Uma escala para medir os aspectos das amizades no esporte foi desenvolvida por Weiss e Smith (1999) a Sport Friendship Quality Scale, que inclui como fatores: a autoestima, apoio, lealdade e vínculo pessoal (intimidade), coisas em comum, companhia, solução de conflito e conflitos. Algumas pesquisas já foram desenvolvidas com essa escala e apontam os aspectos do relacionamento com os pares, como a de Ullrich-French e Smith (2009) que apontou em jogadores juvenis de futebol que relacionamentos positivos com os pares apresentaram menores estresse e maior motivação autodeterminada e participação continuada no esporte.
As relações entre pares dialoga com a motivação da criança para a prática física, sugerindo que promover relações positivas entre os pares pode aumentar a participação em esportes. Weins e Stuntz (2004) sugerem que os professores/técnicos intensifiquem o relacionamento entre os colegas, aumentando as metas das tarefas e incentivando a cooperação, os autores também destacam que deve ser evitado a exibição da posição social, como a escolha dos times pública.
Um aspecto que preocupa o esporte infanto juvenil, principalmente competitivo, é o estresse e burnout, visto que imprimem um nível excessivo de treino podendo gerar esses aspectos.
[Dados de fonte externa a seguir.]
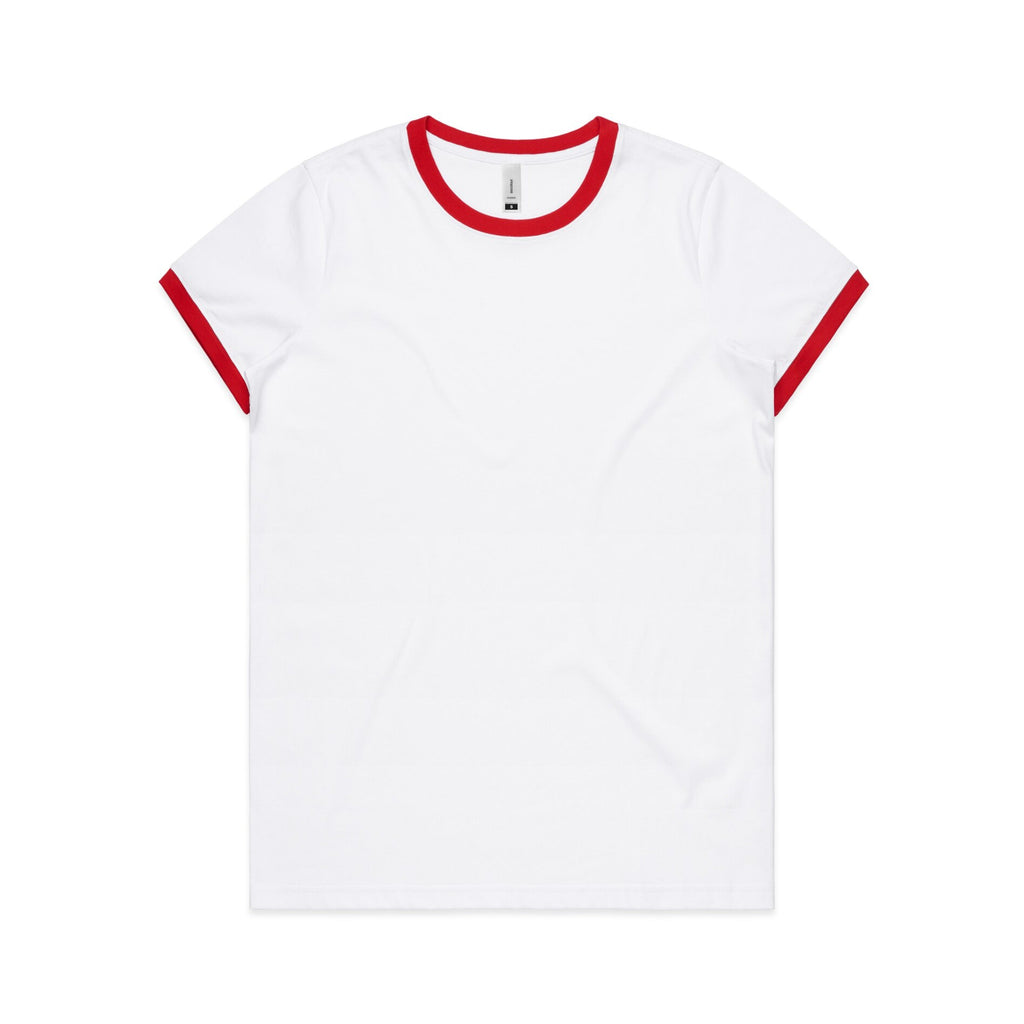 Women's Maple Ringer Tee | Arena Custom Blanks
Entretanto, alguns estudos mais antigos mostraram que os jovens não experimentam excesso de ansiedade em competição e que o estresse gerado promove o uso de estratégias de enfrentamento, as quais se transferem para outros aspectos de suas vidas. Ainda são necessários mais estudos para compreender quais são os níveis de estresse e ansiedade a que os jovens são submetidos. O que parece ser consenso é que mesmo que os níveis não sejam excessivos o estresse pode ser um problema para certas crianças, em situações específicas, podendo ser muito grande o número populacional. Dessa forma, Weinberg e Gould (2017) ressaltam que existe uma preocupação dos psicólogos esportivos em relação a descobrir quais fatores pessoais e situacionais estão associados ao aumento do estado de ansiedade. As situações que podem aumentar o estresse são muito parecidas com as já discutidas, sendo as que promovem aumento de ansiedade são a derrota, o grau de importância do evento e os esportes individuais, que parecem trazer mais ansiedade que os coletivos (WEINBERG, GOULD, 2017), corroborando com a importância dos pares e cooperação, assuntos também já trabalhados aqui.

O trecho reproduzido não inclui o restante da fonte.